IPA(独立行政法人情報処理推進機構)技術本部セキュリティセンターは1日、サービス事業者非公認のスマートフォンアプリ(以下、非公認アプリ)に対し注意を促している。過去には、非公認アプリを使用したユーザーが、IDとパスワード情報を第三者に窃取された事件が発生していたという。

「非公認アプリ」とは、サービス事業者や企業非公認のスマートフォンアプリで、非公認とは気づかずにダウンロードしたユーザーもいたという。2014年8月には、App Store上でゲームアプリを公開していた作者が、そのアプリの所有権を不正に奪われてしまうという事件が発生している。同事件は、被害者が「非公認アプリ」を使用していたため、IDとパスワード情報を第三者に窃取されたことが原因とみられている。

ゲームアプリの権利が奪われる事件の概要

こうした事件の背景には、「公認アプリ」の仕組みにも問題点があるとIPAは指摘している。

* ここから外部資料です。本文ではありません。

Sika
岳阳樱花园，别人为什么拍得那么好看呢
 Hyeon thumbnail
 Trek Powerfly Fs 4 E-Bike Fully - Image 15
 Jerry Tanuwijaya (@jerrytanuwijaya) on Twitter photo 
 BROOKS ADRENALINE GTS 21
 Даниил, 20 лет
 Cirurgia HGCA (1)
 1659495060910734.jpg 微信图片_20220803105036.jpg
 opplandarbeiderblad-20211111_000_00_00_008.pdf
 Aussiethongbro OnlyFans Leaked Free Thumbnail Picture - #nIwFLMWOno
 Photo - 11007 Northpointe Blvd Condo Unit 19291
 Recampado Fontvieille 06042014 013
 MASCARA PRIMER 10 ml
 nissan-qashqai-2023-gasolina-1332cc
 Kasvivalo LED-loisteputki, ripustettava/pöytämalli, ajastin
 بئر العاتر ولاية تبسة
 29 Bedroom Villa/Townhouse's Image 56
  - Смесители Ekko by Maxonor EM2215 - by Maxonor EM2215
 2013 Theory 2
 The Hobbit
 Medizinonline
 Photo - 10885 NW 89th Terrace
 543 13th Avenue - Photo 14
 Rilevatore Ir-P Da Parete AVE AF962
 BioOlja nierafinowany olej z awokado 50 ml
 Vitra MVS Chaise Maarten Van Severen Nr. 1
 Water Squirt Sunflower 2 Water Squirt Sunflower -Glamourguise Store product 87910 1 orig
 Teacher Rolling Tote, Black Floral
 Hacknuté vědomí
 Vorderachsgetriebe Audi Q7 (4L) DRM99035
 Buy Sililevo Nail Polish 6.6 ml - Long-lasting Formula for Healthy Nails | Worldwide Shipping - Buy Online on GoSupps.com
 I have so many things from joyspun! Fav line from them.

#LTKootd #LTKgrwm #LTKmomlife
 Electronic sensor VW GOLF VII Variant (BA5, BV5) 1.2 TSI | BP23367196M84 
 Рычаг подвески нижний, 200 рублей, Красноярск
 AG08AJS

「公認アプリ」は、アイコンをタップするだけで企業の公式サイトにアクセスできる。ブラウザからアクセスした場合には、アドレスバーの情報から不正なサイトへの接続に気付くことができるが、アプリからのアクセスでは、アドレスバーの表示がなく、不正なサイトに接続した場合でも、気付くことができないため危険だと解説している。

スマートフォンで企業の公式サイトにアクセスする方法

また、アプリによっては、IDやパスワードを事前に登録することで都度の入力が不要となるものもあり、気付かずに「非公認アプリ」を利用した場合、IDやパスワード情報を第三者に窃取される可能性があるとしている。

不正な非公認アプリによる情報窃取の例

IPAでは、被害に遭わないための心がけとして、サービス事業者公認のアプリを利用することを推奨している。ただし、すべての「非公認アプリ」が問題ではないとし、IDやパスワード情報が不要で利用できるアプリは、注意喚起の対象外としている。